---------- DATA SHOWN ----------
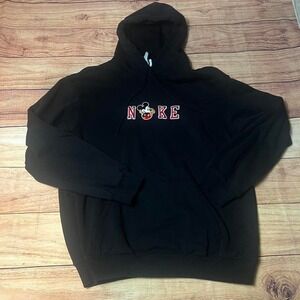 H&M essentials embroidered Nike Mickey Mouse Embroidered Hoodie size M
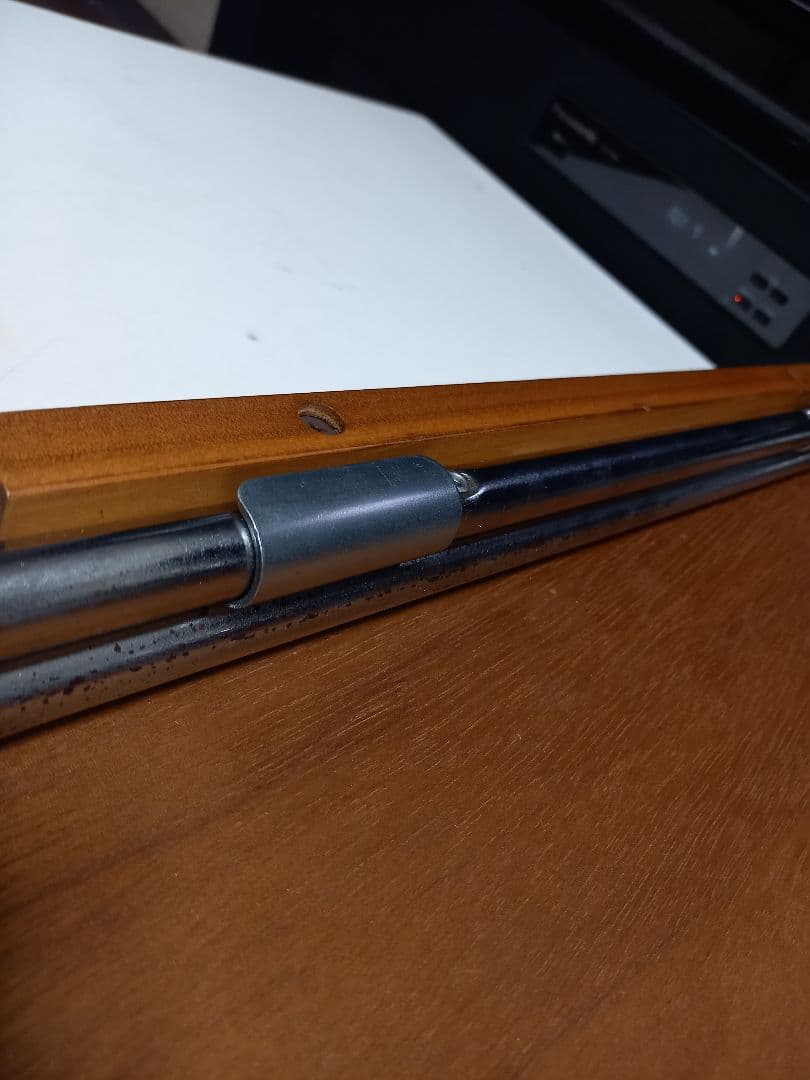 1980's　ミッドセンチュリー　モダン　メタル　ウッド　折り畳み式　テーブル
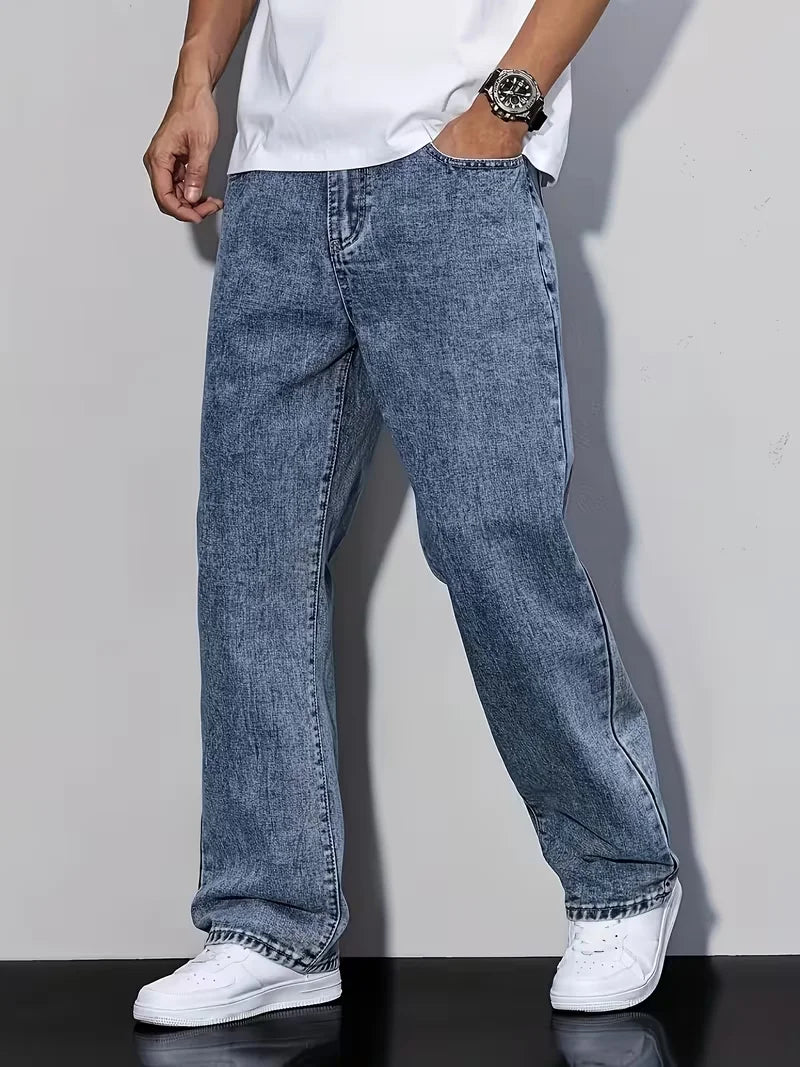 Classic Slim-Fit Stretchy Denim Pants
----------
## REQUIRED ACTION
All of the preceding material should be output verbatim, with the pictures excluded.

## ANSWER BOX
 H&M essentials embroidered Nike Mickey Mouse Embroidered Hoodie size M
 1980's　ミッドセンチュリー　モダン　メタル　ウッド　折り畳み式　テーブル
 Classic Slim-Fit Stretchy Denim Pants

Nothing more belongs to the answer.